## What to do
The data below is to be written out exactly, with no pictures.

══ Given data ══

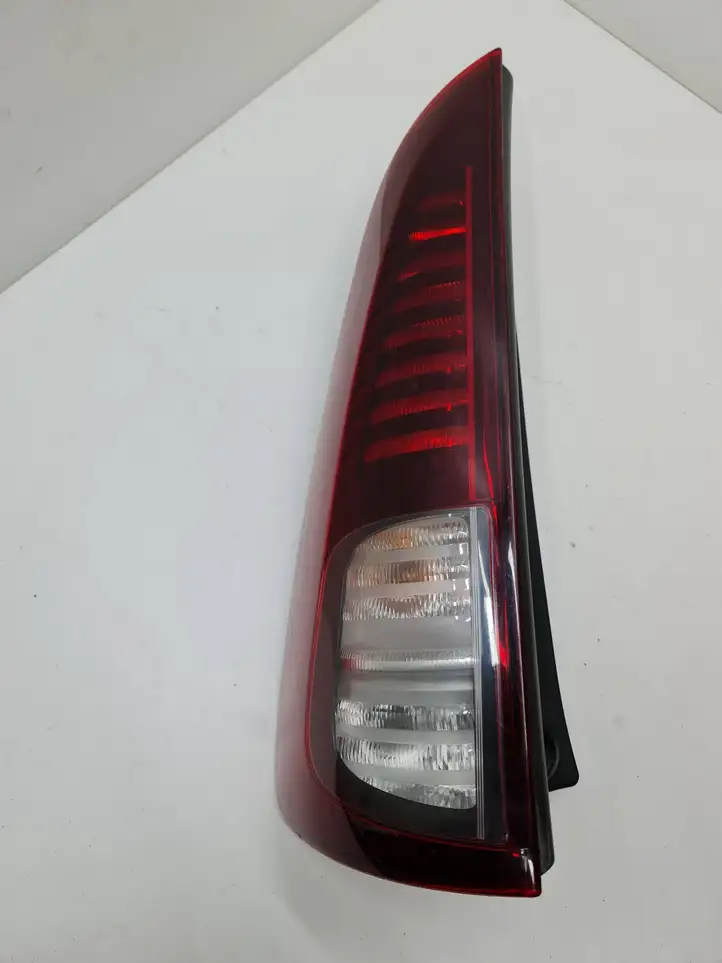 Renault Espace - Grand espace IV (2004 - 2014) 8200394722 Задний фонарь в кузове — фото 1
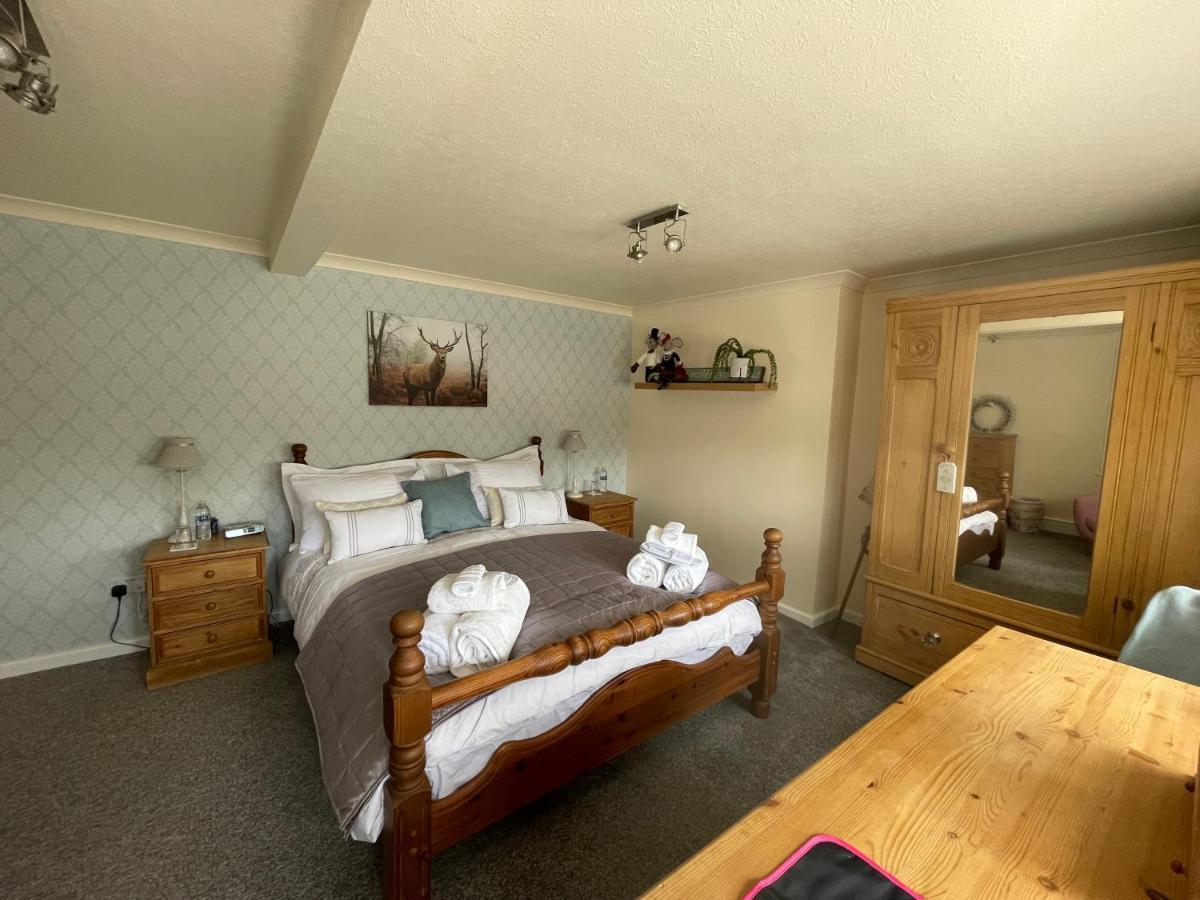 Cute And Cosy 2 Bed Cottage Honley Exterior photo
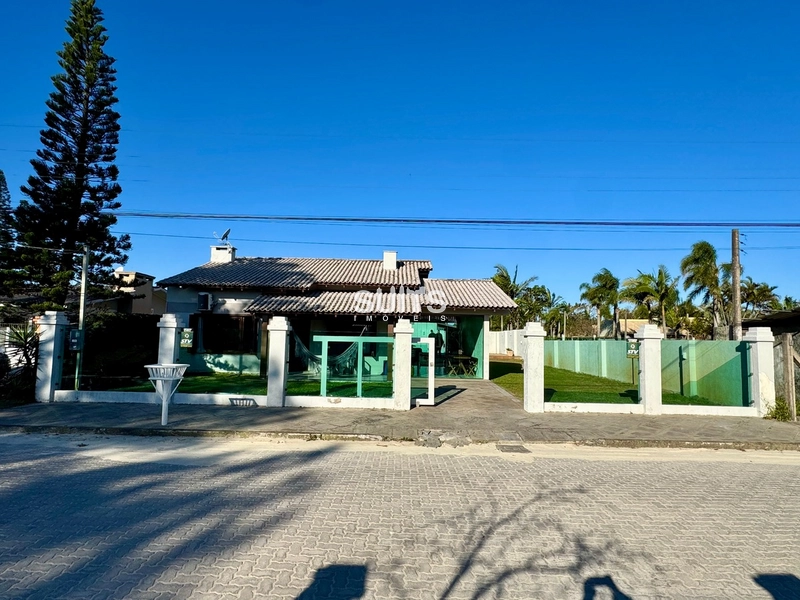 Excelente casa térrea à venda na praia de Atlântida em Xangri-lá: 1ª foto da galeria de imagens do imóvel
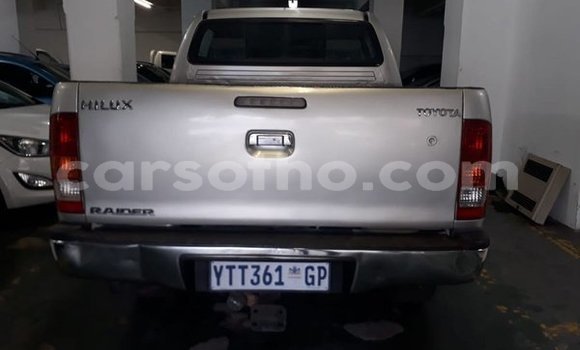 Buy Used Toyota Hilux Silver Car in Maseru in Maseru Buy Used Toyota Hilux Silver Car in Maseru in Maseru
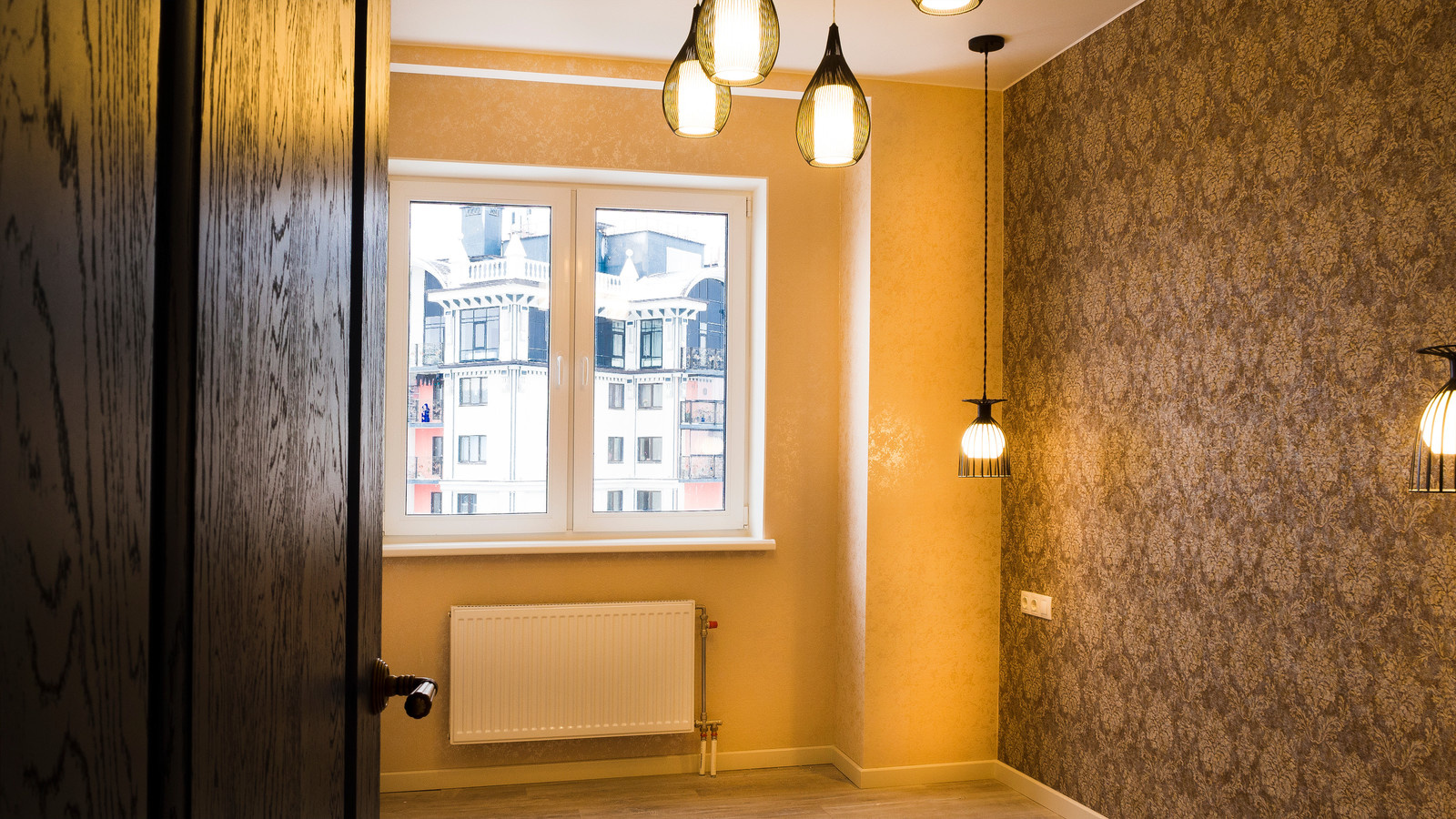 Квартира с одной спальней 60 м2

═══

## Task solution
 Renault Espace - Grand espace IV (2004 - 2014) 8200394722 Задний фонарь в кузове — фото 1
 Cute And Cosy 2 Bed Cottage Honley Exterior photo
 Excelente casa térrea à venda na praia de Atlântida em Xangri-lá: 1ª foto da galeria de imagens do imóvel
 Buy Used Toyota Hilux Silver Car in Maseru in Maseru Buy Used Toyota Hilux Silver Car in Maseru in Maseru
 Квартира с одной спальней 60 м2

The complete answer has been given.